Your goal: From the entries below, retype only the lines from the one with "A vibrant illustration" through the one with "Bambe Ekologické plenky", exactly as written.

Task material:

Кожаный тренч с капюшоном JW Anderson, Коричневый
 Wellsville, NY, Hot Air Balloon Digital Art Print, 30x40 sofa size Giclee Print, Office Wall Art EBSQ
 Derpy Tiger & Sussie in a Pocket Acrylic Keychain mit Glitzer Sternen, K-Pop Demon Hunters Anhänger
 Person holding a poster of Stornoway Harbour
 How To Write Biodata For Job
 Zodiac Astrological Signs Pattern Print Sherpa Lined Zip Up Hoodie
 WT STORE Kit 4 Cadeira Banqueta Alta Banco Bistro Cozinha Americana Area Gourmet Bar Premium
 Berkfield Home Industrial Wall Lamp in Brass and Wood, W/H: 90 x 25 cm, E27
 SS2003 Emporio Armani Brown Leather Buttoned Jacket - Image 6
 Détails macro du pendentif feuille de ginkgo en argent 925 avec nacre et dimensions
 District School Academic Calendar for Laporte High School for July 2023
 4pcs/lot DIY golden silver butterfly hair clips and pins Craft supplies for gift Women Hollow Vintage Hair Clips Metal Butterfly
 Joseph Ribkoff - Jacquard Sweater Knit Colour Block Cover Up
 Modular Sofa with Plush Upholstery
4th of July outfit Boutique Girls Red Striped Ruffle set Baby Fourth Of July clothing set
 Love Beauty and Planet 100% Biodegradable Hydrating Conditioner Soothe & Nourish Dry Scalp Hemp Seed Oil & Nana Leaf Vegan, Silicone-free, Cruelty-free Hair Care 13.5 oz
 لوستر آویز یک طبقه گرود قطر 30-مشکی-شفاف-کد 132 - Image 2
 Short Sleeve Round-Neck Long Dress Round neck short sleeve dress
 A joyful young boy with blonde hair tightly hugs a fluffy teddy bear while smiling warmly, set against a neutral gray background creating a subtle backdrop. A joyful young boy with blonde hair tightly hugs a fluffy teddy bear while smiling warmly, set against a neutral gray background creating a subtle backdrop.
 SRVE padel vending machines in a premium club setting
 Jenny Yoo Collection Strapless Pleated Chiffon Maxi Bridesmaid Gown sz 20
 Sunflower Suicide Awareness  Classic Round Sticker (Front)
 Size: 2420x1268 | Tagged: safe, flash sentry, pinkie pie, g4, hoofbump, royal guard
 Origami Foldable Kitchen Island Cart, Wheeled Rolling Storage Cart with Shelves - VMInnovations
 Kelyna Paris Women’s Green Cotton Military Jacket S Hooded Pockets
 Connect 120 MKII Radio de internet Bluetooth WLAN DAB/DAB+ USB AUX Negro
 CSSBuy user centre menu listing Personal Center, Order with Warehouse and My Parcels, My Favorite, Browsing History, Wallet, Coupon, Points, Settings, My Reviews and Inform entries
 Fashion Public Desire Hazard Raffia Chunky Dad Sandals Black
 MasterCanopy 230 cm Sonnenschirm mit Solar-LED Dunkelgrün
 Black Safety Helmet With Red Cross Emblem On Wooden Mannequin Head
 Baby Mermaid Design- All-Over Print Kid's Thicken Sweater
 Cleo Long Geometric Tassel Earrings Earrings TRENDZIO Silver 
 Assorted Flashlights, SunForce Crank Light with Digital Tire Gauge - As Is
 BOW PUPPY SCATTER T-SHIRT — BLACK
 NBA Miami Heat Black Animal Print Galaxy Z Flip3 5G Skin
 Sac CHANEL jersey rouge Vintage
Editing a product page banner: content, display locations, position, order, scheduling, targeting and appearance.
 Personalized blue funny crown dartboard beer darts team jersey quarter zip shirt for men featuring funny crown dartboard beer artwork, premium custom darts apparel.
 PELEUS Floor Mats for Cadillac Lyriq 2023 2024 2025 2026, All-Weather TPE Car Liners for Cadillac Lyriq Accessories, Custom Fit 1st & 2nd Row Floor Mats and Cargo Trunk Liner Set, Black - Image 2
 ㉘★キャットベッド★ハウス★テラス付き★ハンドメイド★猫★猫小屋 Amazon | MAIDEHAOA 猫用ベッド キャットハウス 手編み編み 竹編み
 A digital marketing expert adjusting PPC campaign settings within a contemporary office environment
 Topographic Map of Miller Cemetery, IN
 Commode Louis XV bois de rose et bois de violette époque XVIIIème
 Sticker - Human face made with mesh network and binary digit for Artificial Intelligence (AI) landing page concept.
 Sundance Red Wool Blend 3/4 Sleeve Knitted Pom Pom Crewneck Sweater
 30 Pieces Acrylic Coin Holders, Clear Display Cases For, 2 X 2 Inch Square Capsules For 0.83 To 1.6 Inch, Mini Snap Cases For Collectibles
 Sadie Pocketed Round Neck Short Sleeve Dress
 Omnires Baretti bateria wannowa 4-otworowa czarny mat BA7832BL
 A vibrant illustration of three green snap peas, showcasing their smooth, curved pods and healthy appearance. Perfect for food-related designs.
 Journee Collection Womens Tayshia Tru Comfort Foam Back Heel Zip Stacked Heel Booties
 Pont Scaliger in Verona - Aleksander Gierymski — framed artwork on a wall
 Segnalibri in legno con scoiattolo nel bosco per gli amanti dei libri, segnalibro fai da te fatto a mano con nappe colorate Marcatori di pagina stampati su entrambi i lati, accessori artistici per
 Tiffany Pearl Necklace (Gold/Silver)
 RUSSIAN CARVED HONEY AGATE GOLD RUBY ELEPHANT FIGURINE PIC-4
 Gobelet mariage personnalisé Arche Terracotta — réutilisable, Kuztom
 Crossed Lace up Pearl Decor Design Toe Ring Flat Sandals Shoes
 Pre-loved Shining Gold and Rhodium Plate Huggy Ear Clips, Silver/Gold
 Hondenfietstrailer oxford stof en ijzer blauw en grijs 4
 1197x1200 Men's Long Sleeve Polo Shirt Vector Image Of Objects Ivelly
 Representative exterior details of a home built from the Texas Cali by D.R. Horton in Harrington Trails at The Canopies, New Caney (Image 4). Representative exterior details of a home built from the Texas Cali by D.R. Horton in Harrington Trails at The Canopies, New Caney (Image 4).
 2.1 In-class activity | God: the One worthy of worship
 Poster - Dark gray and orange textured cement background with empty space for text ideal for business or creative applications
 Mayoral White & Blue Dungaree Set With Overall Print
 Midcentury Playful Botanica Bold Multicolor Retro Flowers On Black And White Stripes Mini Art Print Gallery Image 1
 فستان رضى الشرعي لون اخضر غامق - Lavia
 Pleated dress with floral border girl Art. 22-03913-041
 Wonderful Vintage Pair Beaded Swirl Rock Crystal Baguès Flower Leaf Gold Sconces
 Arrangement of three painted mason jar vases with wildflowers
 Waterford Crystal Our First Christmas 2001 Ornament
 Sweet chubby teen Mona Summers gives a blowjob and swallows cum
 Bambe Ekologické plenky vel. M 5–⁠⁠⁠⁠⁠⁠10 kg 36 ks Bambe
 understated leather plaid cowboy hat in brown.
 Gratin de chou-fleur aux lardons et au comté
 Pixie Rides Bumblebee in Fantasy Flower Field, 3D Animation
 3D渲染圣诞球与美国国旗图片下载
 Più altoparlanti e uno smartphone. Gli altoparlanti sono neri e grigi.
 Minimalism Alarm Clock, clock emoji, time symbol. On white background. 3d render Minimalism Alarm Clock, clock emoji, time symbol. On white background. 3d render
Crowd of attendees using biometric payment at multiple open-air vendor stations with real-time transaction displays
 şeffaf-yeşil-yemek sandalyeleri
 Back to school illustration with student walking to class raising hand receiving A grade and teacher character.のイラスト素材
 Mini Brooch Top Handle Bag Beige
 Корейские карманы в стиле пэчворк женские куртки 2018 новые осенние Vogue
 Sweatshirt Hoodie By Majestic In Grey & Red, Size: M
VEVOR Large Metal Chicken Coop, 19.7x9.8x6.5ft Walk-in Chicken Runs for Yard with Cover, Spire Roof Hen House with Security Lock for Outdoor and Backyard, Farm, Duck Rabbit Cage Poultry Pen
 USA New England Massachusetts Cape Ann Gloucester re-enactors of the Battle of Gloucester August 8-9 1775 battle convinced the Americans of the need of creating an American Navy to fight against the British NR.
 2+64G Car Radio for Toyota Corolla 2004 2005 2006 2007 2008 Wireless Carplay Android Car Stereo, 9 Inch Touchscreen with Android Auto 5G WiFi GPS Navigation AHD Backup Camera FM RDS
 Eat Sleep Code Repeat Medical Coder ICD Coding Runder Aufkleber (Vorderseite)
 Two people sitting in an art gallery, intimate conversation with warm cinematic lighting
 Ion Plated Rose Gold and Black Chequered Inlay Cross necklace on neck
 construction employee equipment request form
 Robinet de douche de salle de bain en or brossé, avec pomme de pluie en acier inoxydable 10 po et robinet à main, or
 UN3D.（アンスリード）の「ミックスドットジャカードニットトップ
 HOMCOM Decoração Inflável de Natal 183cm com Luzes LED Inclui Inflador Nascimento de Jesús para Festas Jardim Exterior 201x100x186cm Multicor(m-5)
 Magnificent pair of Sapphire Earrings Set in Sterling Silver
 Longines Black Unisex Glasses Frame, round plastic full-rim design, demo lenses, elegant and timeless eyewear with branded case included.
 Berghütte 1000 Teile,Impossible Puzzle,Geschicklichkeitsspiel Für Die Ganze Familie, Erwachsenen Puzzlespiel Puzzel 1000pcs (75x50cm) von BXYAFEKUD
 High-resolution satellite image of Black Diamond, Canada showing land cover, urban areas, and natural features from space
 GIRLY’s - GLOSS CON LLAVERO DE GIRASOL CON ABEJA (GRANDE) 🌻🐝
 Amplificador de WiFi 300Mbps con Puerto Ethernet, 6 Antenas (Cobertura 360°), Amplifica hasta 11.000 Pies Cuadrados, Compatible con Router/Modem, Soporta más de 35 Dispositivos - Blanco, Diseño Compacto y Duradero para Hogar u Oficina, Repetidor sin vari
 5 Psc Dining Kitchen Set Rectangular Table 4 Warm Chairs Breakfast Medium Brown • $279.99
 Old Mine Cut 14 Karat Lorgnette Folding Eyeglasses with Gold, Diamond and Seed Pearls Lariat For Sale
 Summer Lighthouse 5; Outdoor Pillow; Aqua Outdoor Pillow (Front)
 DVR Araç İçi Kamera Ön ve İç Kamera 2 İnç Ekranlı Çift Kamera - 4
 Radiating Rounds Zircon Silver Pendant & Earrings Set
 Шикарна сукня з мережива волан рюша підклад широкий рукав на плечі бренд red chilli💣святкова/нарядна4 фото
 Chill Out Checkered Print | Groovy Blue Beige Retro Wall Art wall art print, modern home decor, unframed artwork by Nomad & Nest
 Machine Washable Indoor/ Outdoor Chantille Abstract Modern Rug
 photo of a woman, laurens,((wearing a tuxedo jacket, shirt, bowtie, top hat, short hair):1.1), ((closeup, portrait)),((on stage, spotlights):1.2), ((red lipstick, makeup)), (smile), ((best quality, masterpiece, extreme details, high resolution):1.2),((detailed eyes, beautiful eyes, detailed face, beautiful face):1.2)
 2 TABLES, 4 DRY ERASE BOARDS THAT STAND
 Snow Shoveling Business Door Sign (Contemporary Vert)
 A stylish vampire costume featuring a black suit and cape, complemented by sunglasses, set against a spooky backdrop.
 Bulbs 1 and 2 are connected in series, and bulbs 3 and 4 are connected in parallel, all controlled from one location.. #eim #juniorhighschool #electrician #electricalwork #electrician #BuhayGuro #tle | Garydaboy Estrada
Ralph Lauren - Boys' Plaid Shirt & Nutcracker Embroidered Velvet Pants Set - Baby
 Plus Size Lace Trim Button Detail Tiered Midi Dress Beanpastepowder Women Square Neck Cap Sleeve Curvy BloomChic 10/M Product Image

Answer for this exercise:
 A vibrant illustration of three green snap peas, showcasing their smooth, curved pods and healthy appearance. Perfect for food-related designs.
 Journee Collection Womens Tayshia Tru Comfort Foam Back Heel Zip Stacked Heel Booties
 Pont Scaliger in Verona - Aleksander Gierymski — framed artwork on a wall
 Segnalibri in legno con scoiattolo nel bosco per gli amanti dei libri, segnalibro fai da te fatto a mano con nappe colorate Marcatori di pagina stampati su entrambi i lati, accessori artistici per
 Tiffany Pearl Necklace (Gold/Silver)
 RUSSIAN CARVED HONEY AGATE GOLD RUBY ELEPHANT FIGURINE PIC-4
 Gobelet mariage personnalisé Arche Terracotta — réutilisable, Kuztom
 Crossed Lace up Pearl Decor Design Toe Ring Flat Sandals Shoes
 Pre-loved Shining Gold and Rhodium Plate Huggy Ear Clips, Silver/Gold
 Hondenfietstrailer oxford stof en ijzer blauw en grijs 4
 1197x1200 Men's Long Sleeve Polo Shirt Vector Image Of Objects Ivelly
 Representative exterior details of a home built from the Texas Cali by D.R. Horton in Harrington Trails at The Canopies, New Caney (Image 4). Representative exterior details of a home built from the Texas Cali by D.R. Horton in Harrington Trails at The Canopies, New Caney (Image 4).
 2.1 In-class activity | God: the One worthy of worship
 Poster - Dark gray and orange textured cement background with empty space for text ideal for business or creative applications
 Mayoral White & Blue Dungaree Set With Overall Print
 Midcentury Playful Botanica Bold Multicolor Retro Flowers On Black And White Stripes Mini Art Print Gallery Image 1
 فستان رضى الشرعي لون اخضر غامق - Lavia
 Pleated dress with floral border girl Art. 22-03913-041
 Wonderful Vintage Pair Beaded Swirl Rock Crystal Baguès Flower Leaf Gold Sconces
 Arrangement of three painted mason jar vases with wildflowers
 Waterford Crystal Our First Christmas 2001 Ornament
 Sweet chubby teen Mona Summers gives a blowjob and swallows cum
 Bambe Ekologické plenky vel. M 5–⁠⁠⁠⁠⁠⁠10 kg 36 ks Bambe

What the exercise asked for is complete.